INTERVIEW JEAN-CLAUDE CAMUS @ DIEGO ON THE ROCKS
INTERVIEW #254 : JEAN-CLAUDE CAMUS
Jean-Claude Camus n’est pas un simple producteur, il est LE producteur musical ! Inventeur dans les années 70 d’un nouveau métier, il créé cette fonction consistant à gérer professionnellement la responsabilité d’un spectacle en réunissant les éléments dus à la création et à la représentation d’une œuvre en assumant les moyens techniques et financiers.

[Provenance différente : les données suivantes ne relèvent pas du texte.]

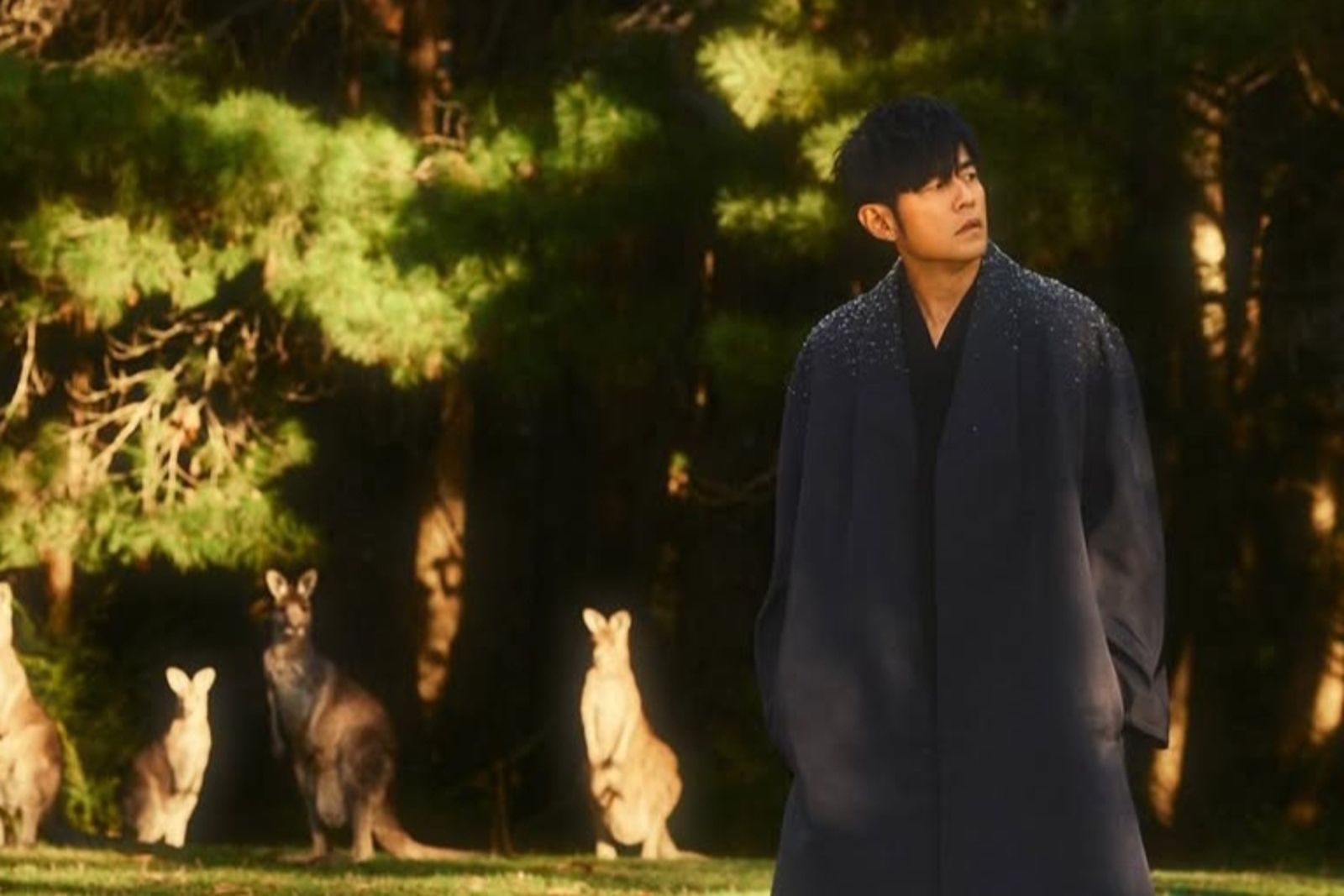 周杰倫「被袋鼠圍觀」背後原因曝光！昆凌今現身曝老公自信心爆棚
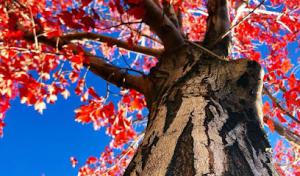 Arbor 1 Tree Service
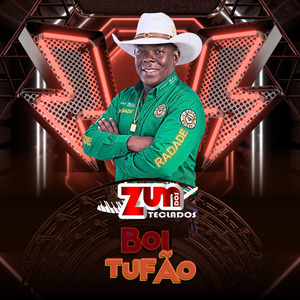 Boi Tufão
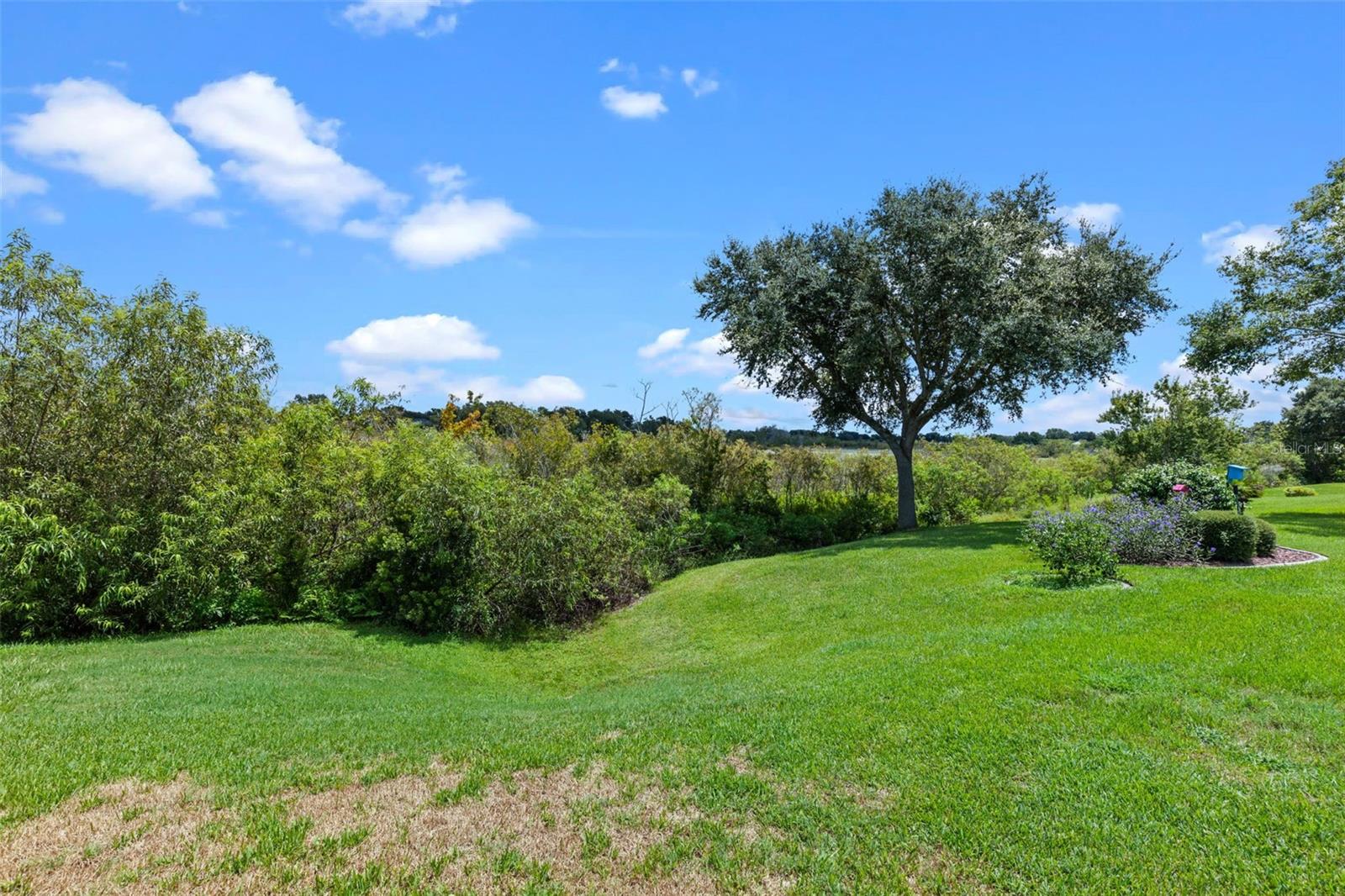 Image 32 of 64 For 4749 St Andrews Arcade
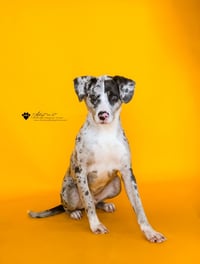 Vincent - Photo 1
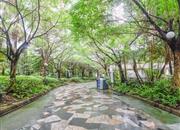 城市明珠花园（三期）-环境绿化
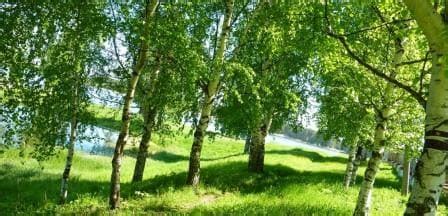 Постоянное бессрочное пользование участком: 4 группы владельцев
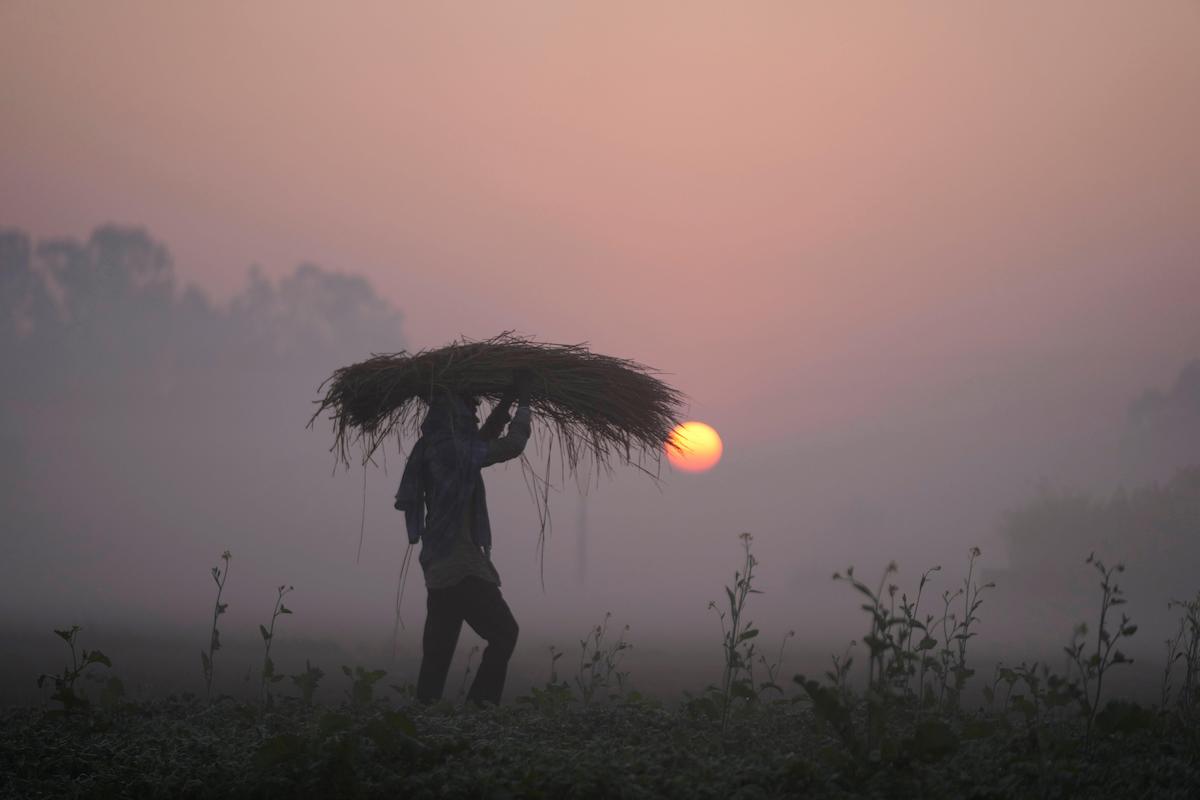 Climate change and botched policies push Pakistan toward food ...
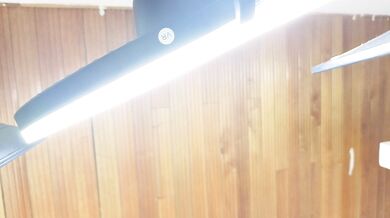 Perlita_Suarez - Porn Video [Cam4]: captivating hips, delicate allure, shaved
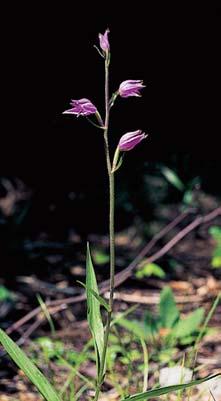 Mrazové sruby ve vy ích ãástech Îìárska mají vesmûs jen druhovû chudou flóru s puch finíkem kfiehk m (Cystopteris fragilis) a metliãkou kfiivolakou (Avenella flexuosa).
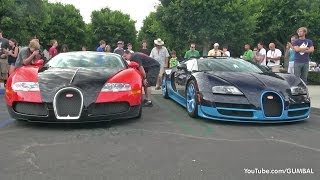 1200HP Bugatti Veyron Grand Sport Vitesse  Start up  Revs [upl. by Stu]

Notre chroniqueur Diego a rencontré l’octogénaire lors du festival ODP en juin 2025. Remerciements particuliers à Eric Jean-Jean, parrain de cet évènement à but caritatif qui a fêté sa dixième édition.
Diego : Mon surnom est Diego, vous ne pouviez pas refuser cette interview en hommage à Michel Berger et Johnny Hallyday ! (rires)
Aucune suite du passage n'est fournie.